Il fatto è che il segretario su questo punto non intende fare retromarcia. Dice Nico Stumpo, responsabile organizzazione e fedelissimo di Bersani: «Le primarie le faremo, come abbiamo detto. Saranno primarie di coalizione e le faremo a fine novembre». Bersani vuole la legittimazione dei 'tre milioni' per cercare di rafforzare la sua posizione non solo nel prossimo Parlamento, ma anche al tavolo della coalizione. Il segretario Pd sa bene che Pier Ferdinando Casini ha in mente uno schema un po' diverso dal suo, una riedizione delle 'larghe intese' senza Silvio Berlusconi che potrebbe realizzarsi più facilmente se a palazzo Chigi non sedesse il leader Pd.
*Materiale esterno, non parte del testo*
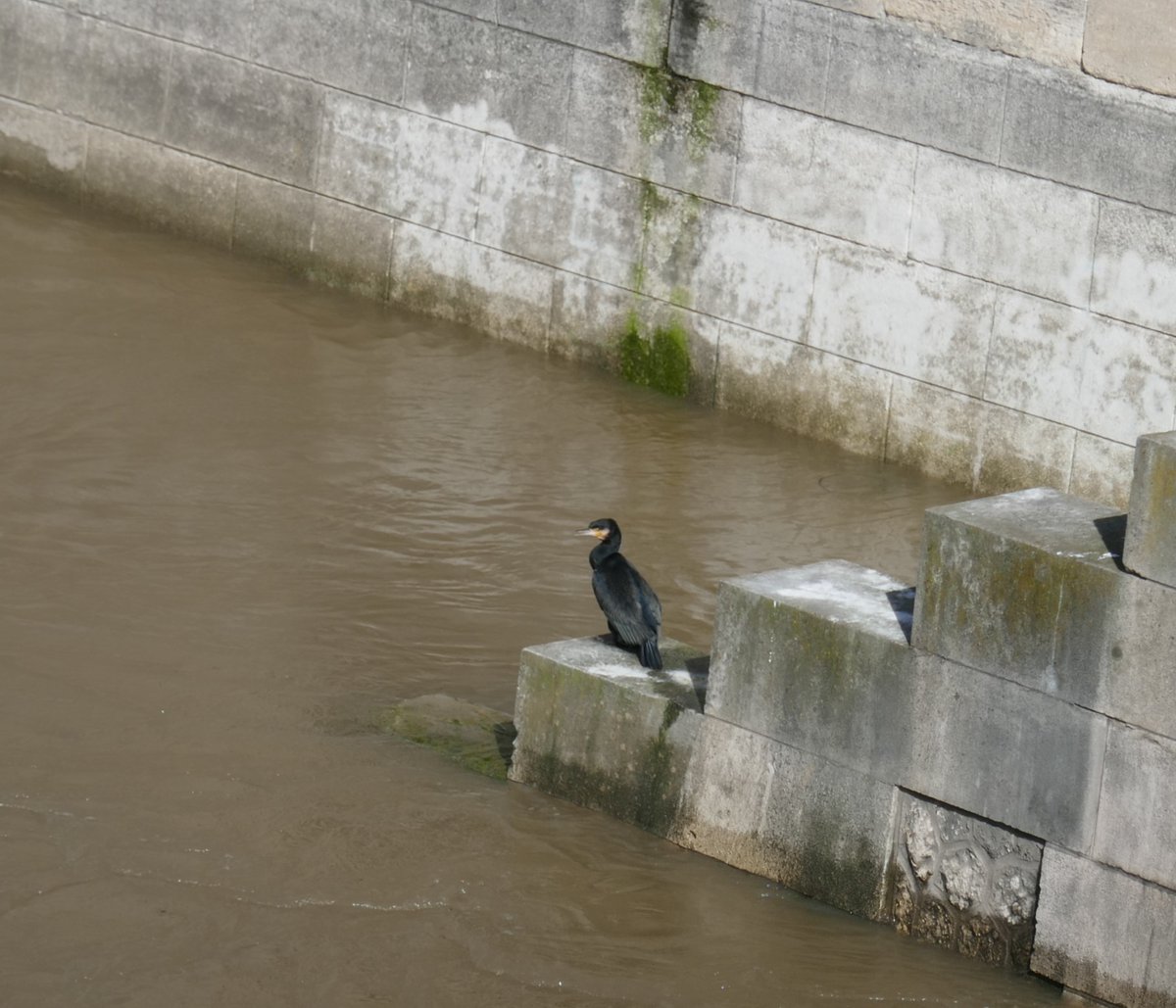 MaJSylvie's tweet photo. certain apprécie le soleil au bord de la Seine https://t.co/4FwwCg4ghZ
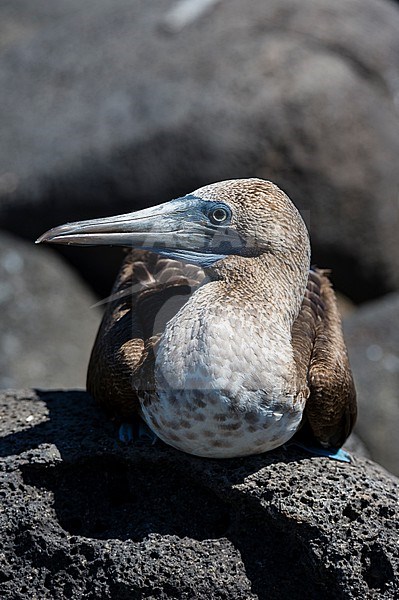 A blue-footed booby, Sula nebouxii. North Seymour island, Galapagos, Ecuador stock-image by Agami/Sergio Pitamitz,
Le primarie rafforzerebbero Bersani anche in vista della formazione del prossimo Governo.

Un dibattito che sembra andare di pari passo a quello sulla legge elettorale. Come hanno detto Veltroni, Prodi e Fioroni, la scelta del candidato premier ha senso se la legge prevede un candidato premier. Per questo Bersani insiste a ripetere che «la sera delle elezioni si deve sapere chi governerà». Il premio al primo partito per il segretario Pd ha senso solo se molto alto, del 15%, tale da permettere ragionevolmente di indicare un vincitore indiscusso. Ma Terzo polo e Pdl per lo stesso motivo non sono disposti a concederlo. Inoltre, Berlusconi ha un problema ulteriore: non solo deve rendere meno probabile la vittoria di Bersani, ma deve anche evitare un meccanismo che favorisca la frammentazione, visto lo stato del partito. Alla fine, per Berlusconi - ragionano nel Pd - la cosa migliore potrebbe essere tenere la legge attuale, che compatta il Pdl e permette al Cavaliere di fare le liste a piacimento.